In a central foreign policy matter is the left-wing opposition in SV aligned with the party leadership and all the members of the central board: the EU case. For the only ones who are not as massive against the EU as the party's governing body, are the party's voters. Half of SV's voters probably think that the rationality of the stated objectives of international cooperation, the management of global capitalism and greater independence seem to the United States to be part of the EU in terms of security policy. The Labor Party, in contrast to SV (and RV), is in favor of EU membership. Here I admit that I do not understand the logic of SV. For me, it is one of the mysteries of politics how SV thinks that global political tools should be developed without institutions with a certain supranationality, – such as the EU.
If the EU case is held outside, the review indicates that the value base of the SV can be about both a left and a right wing. Therefore, I finally allowed myself to come up with a reassurance: The internal counterweight to the left opposition in the SV must be clearer. Once again, the left opposition is perceived to threaten the seriousness of the SV, is the risk that it will flee voters in the numbers from the SV to the Labor Party. In the last election, SV (net) lost about as many voters to RV as to Frp. SV lost 6-7 more times to Ap.
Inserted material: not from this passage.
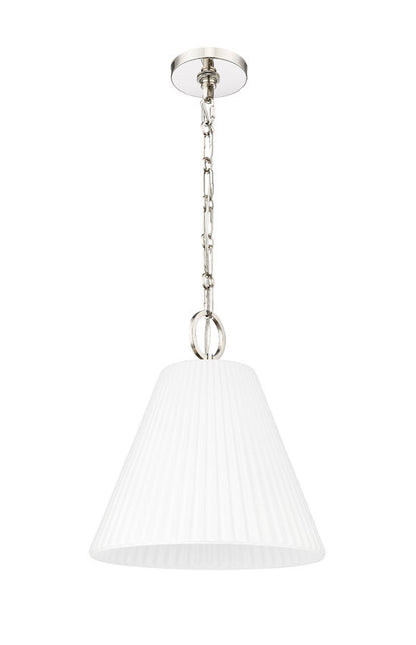 polished nickel pendant light with pleated shade hanging chain.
Thus, the major welfare trips in the SV do not take place mainly between the SV and the RV, which some people seem to threaten, but between the SV and the Labor Party.
A left opposition which, in the city of criticizing other parties, often goes out and criticizes their own party leadership, may in future be far more detrimental to the SV when we are hopefully hosted in a government coalition. For this reason, SV needs a clear right-wing opposition that, when it needs to, counter the Left opposition internally. Who knows: In a few years it might be a jumble to become an EU member of the party's central government!
Svein Tuastad is a member of Sandnes SV, and former tenant of Rogaland Attac. He works as a state lecturer at the University of Stavanger and will soon finish a dissertation on Norwegian post-war politics in the light of normative political theory.